Initially I participated in a workshop that was presented as a consumer event, ‘Making Sense of the Evidence’. The inclusive environment contributed to maximal interactive learning. The active collaboration between facilitators and audience initiated and optimized an excellent educational program. It is my hope that the facilitators of this event will receive due recognition for both their excellence in identifying ongoing effective learning material, and for presenting their educational tools with the utmost of precision. The well-designed workshops I attended contributed towards enhancing my skills as a consumer, peer reviewer and review author. It is exciting to hear about the development of new courses for consumer-advocate training, as well as the courses which are presently evolving and undergoing modification.
‘Knowledge Translation and Communicating Evidence’ was a highly important positive exchange between presenters and their attentive audience. This oral session, intended to engage and enlighten its attendees to the multi faceted and appealing challenges of understanng barriers and approaches to communicating health needs and evidence, was of vital interest to participants, and our small space was actually overflowing with enthusiasts.

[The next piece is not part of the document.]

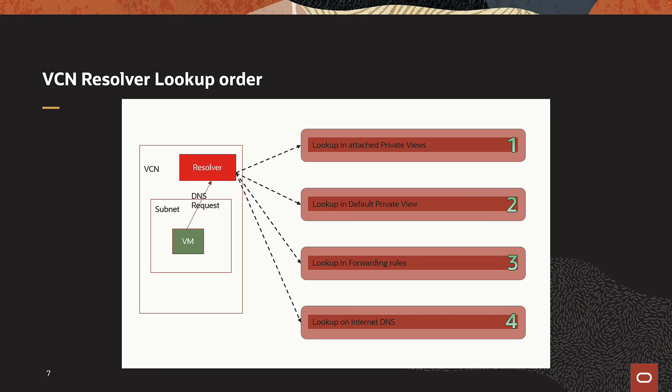For example, if a query name is included by a zone in a private view and the name does not exist in the zone, the zone will return an authoritative NXDOMAIN response.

‘Bridging the Divide: Cochrane and Health Technology Assessments’ aimed at bridging the divide between what Cochrane does and what HTA (HealthTechnologyAssessments) do. Ideas on how we can work more closely together were presented by an international panel of experts. A global strategy and plan of action on innovation and finding common ground was exceptionally well presented.
‘The Relevance of Cochrane for People with Impairments and How to Engage with Them’ focused on ways that evidence could make asignificant difference for people with impairments, with a view of improving engagement between this sector and The Cochrane Collaboration. Biases towards the disabled were presented, and solutions for inclusion were well received by the audience.
‘Putting Evidence Into Practice’ was highly relevant to our world community. Although we are increasing patient education resources as we translate evidence from Cochrane Reviews, practical methods and techniques for physicians to commence or continue to engage patients interaction in making treatment decisions appears, in many areas, to remain an unconquered challenge. We are asking, ‘Are all physicians prepared to accept patient choices of treatment? Have we reached this point?’ I would like to hear more insight from additional voices regarding effective strategies to assist with the concept of enhancing individual physician/patient interaction.
These are just a few highlights of the many experiences I shared with other attendees at the 20th Cochrane Colloquium. Participation in the colloquium was a highly unique and most valuable learning experience for me, and an excellent opportunity for renewing acquaintances, developing new networks, sharing experiences and generally gaining knowledge to develop and refine my skills. I am currently preparing a presentation on healthcare initiatives and patient safety, including Cochrane’s contribution based on information from the colloquium, for a local healthcare group.
Education through the colloquium has fostered my ability to keep current with new technologies and our evolving healthcare system, whilst embracing the joy of learning and cultivating new avenues and methods of facilitating consumers’ healthcare knowledge.
In summary, I feel that the colloquium was highly successful in fulfilling many of our goals and objectives, and I would like to take this opportunity to thank everyone involved. It was such an immense surprise to learn I would be attending the event, and I am most grateful for being selected as a stipend recipient by the Cochrane Consumers Network Committee, as well as for the enormous support and kind encouragement of our Cochrane IBD/FBD Group’s Managing Editor, John MacDonald. I applaud the facilitators of the 20th Cochrane Colloquium in Auckland, New Zealand, and all those involved in producing such a magnificent and successful event!